* EXERCISE DIRECTIONS
Every line from the one that contains "vymysleli „košík pracovných" to the end of the material below should be output exactly, with both ends included and nothing else.
*** Opening of AVAILABLE DATA ***
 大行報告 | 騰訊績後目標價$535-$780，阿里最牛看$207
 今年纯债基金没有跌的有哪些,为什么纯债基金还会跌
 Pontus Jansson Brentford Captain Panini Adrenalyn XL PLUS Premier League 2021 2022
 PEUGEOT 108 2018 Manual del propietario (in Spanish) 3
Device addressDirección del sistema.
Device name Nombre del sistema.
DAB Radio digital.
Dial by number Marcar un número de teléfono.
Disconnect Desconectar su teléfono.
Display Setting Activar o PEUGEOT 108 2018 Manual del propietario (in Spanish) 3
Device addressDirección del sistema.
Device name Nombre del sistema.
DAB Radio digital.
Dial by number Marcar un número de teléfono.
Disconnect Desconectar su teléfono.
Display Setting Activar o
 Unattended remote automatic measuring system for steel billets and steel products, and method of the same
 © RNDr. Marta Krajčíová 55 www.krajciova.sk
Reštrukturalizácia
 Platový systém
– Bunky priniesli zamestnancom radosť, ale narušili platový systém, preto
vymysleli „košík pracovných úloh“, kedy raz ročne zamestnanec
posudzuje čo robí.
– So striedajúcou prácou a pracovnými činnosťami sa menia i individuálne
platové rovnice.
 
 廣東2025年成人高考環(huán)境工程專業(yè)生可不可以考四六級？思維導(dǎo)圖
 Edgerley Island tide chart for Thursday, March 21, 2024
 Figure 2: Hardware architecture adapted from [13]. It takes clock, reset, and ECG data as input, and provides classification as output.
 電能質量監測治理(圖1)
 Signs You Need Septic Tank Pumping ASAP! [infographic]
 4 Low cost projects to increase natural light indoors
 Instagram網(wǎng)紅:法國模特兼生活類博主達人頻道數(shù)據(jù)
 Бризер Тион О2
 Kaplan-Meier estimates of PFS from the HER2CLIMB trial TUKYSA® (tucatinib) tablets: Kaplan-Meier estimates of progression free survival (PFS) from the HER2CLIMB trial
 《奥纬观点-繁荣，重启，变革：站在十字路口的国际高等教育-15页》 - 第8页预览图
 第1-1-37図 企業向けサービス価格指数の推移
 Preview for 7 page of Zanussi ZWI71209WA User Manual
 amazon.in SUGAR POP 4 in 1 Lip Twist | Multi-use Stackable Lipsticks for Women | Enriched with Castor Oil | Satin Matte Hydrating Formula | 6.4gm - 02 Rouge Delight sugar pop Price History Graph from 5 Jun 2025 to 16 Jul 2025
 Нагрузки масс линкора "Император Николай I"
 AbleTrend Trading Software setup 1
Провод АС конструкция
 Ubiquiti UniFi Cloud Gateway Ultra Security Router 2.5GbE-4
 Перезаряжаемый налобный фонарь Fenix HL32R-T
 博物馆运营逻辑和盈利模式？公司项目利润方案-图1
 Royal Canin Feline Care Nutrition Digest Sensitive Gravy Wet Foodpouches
*** Close of AVAILABLE DATA ***
* ANSWER SPACE
vymysleli „košík pracovných úloh“, kedy raz ročne zamestnanec
posudzuje čo robí.
– So striedajúcou prácou a pracovnými činnosťami sa menia i individuálne
platové rovnice.
 
 廣東2025年成人高考環(huán)境工程專業(yè)生可不可以考四六級？思維導(dǎo)圖
 Edgerley Island tide chart for Thursday, March 21, 2024
 Figure 2: Hardware architecture adapted from [13]. It takes clock, reset, and ECG data as input, and provides classification as output.
 電能質量監測治理(圖1)
 Signs You Need Septic Tank Pumping ASAP! [infographic]
 4 Low cost projects to increase natural light indoors
 Instagram網(wǎng)紅:法國模特兼生活類博主達人頻道數(shù)據(jù)
 Бризер Тион О2
 Kaplan-Meier estimates of PFS from the HER2CLIMB trial TUKYSA® (tucatinib) tablets: Kaplan-Meier estimates of progression free survival (PFS) from the HER2CLIMB trial
 《奥纬观点-繁荣，重启，变革：站在十字路口的国际高等教育-15页》 - 第8页预览图
 第1-1-37図 企業向けサービス価格指数の推移
 Preview for 7 page of Zanussi ZWI71209WA User Manual
 amazon.in SUGAR POP 4 in 1 Lip Twist | Multi-use Stackable Lipsticks for Women | Enriched with Castor Oil | Satin Matte Hydrating Formula | 6.4gm - 02 Rouge Delight sugar pop Price History Graph from 5 Jun 2025 to 16 Jul 2025
 Нагрузки масс линкора "Император Николай I"
 AbleTrend Trading Software setup 1
Провод АС конструкция
 Ubiquiti UniFi Cloud Gateway Ultra Security Router 2.5GbE-4
 Перезаряжаемый налобный фонарь Fenix HL32R-T
 博物馆运营逻辑和盈利模式？公司项目利润方案-图1
 Royal Canin Feline Care Nutrition Digest Sensitive Gravy Wet Foodpouches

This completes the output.